Compromising to accommodate the preferences of your partner is not necessarily some evil manifestation of control or the triumph of the patriarchy. Sometimes it's just common sense. Altering your appearance in a manner that you know will have a serious adverse effect on your partner's sexual desire and telling the other person to "get over it, because I'm just being myself, man, and if you can't handle that then you don't really love ME" is adolescent. Part of being in a relationship is considering how your decisions affect the other person. Whether that person deserves your consideration (i.e. is not a clueless jerk) is a separate issue.

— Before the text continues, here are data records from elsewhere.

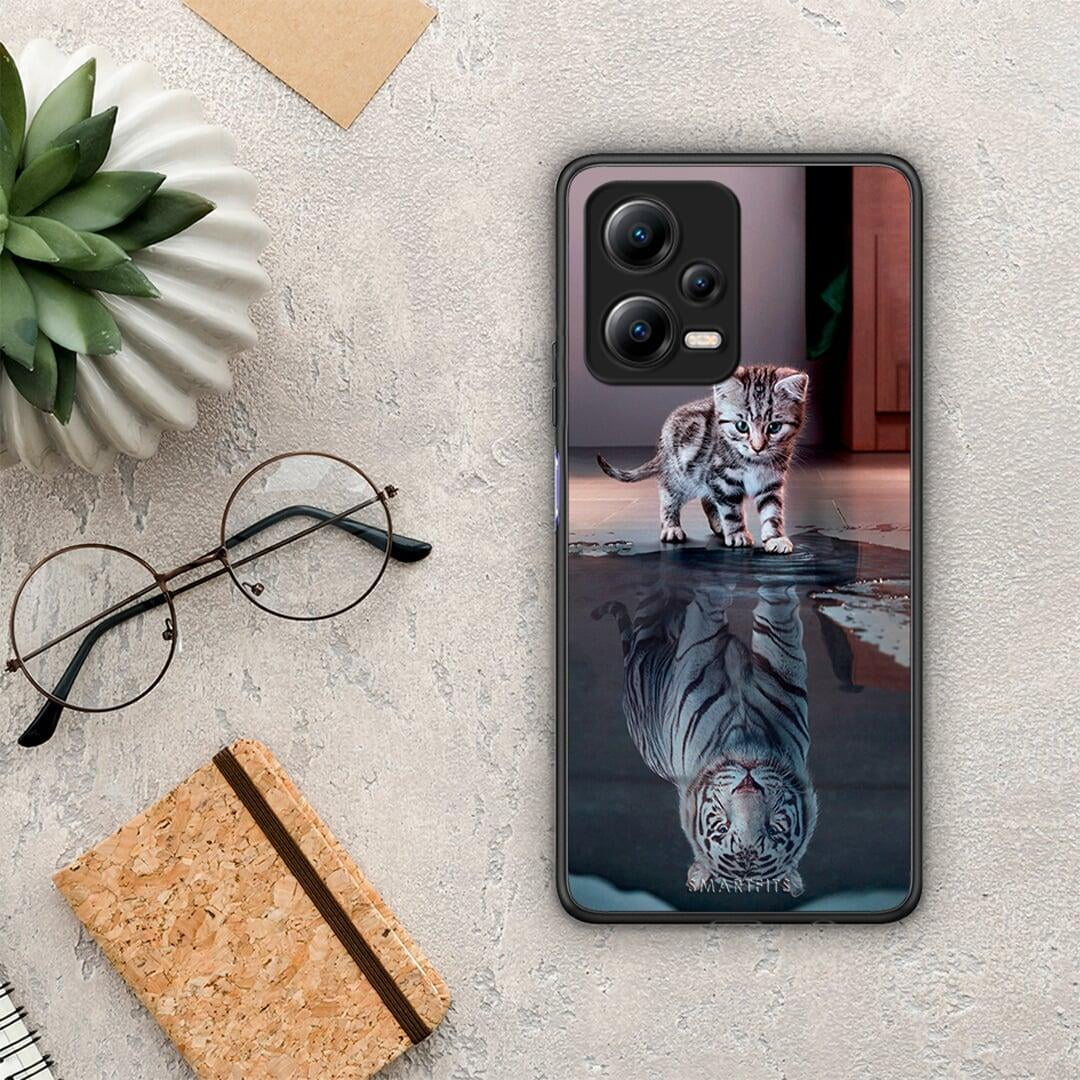 Θήκη Xiaomi Redmi Note 12 5G Cute Tiger από τη Smartfits με σχέδιο στο πίσω μέρος και μαύρο περίβλημα | Xiaomi Redmi Note 12 5G Cute Tiger Case with Colorful Back and Black Bezels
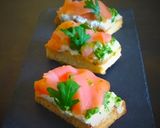 A picture of step 3 of Bruschetta with Smoked Salmon, Ricotta, and Mint Pesto.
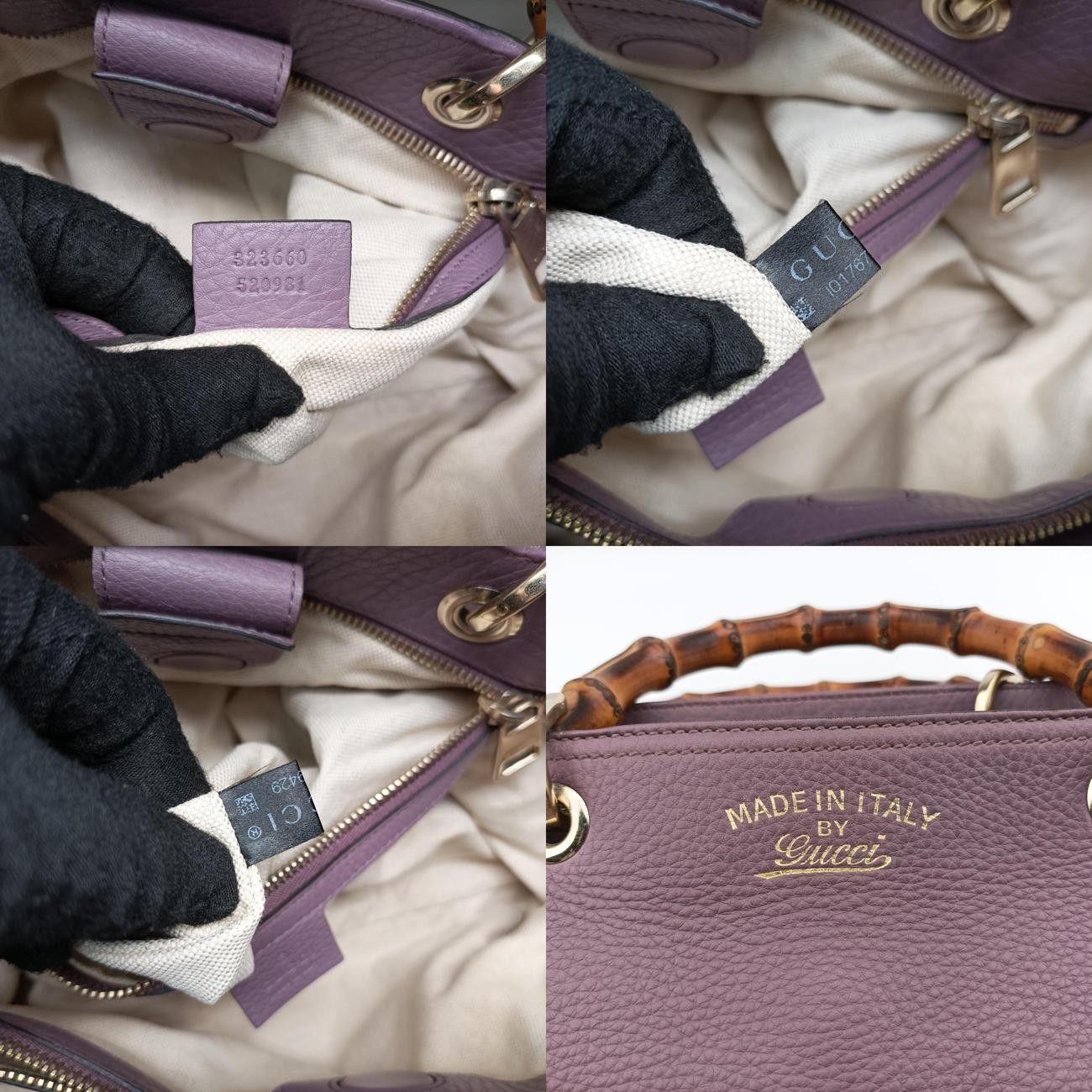 グッチGucciバンブーショッパーパープルレザー323660I017679429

UPDATE II: L, the wife of the guy I flippantly described as a clueless jerk, says we were too hard on her hubby. She knows him better than I do, so I stand corrected, although the general point holds.

Wednesday, March 22, 2006

What's funny?

Donna asks, "What makes you laugh?" A non-exhaustive list:
More will be added as I recall instances of hilarity.

Word to the Wise

Someday you may be offered the opportunity to order a one pound cheeseburger. Do not take it.

Tuesday, March 21, 2006

Tom Stoppard should stick to plays.

His political philosophy leaves much to be desired. In the course of attacking the right of free speech, he manages to drop in this howler:
The interests of the group is the only game in town.
and to produce this stunning passage, which would be equally true if the abolition of slavery or female autonomy were substituted for free speech:
A "human right" is, by definition, timeless. It cannot adhere to some societies and not others, at some times and not at other times. But the whole parcel of liberties into which free expression fits has a history. . . . To say, therefore, that the right of free speech was always a human right which in unenlightened societies was suspended from the year dot until our enlightened times is surely beyond even our capacity for condescension.

It's what's for dinner.

Argentines have been urged by their president to eat less beef. The strategy seems doomed to fail, though:
"What are people going to do, buy chicken?" said the skeptical 65-year-old butcher, whose shop sits across the aisle from a poultry vendor. "Chicken's no good -- it's full of water. If you eat a piece of chicken for dinner, you'll be hungry a half-hour later."
Funny, I thought that was Chinese food.

Two Minutes Hate

One minute each:
  • FedEx
  • Delta Airlines
That is all.

Sunday, March 19, 2006

Movie Review: V for Vendetta

The new film version of V for Vendetta takes a coherent, if complex, set of narratives, and excises most of the sense but none of the style. It's a very sleekly done movie, and like many of the recent comic book adaptations borrows freely from the panels of the original work in staging scenes.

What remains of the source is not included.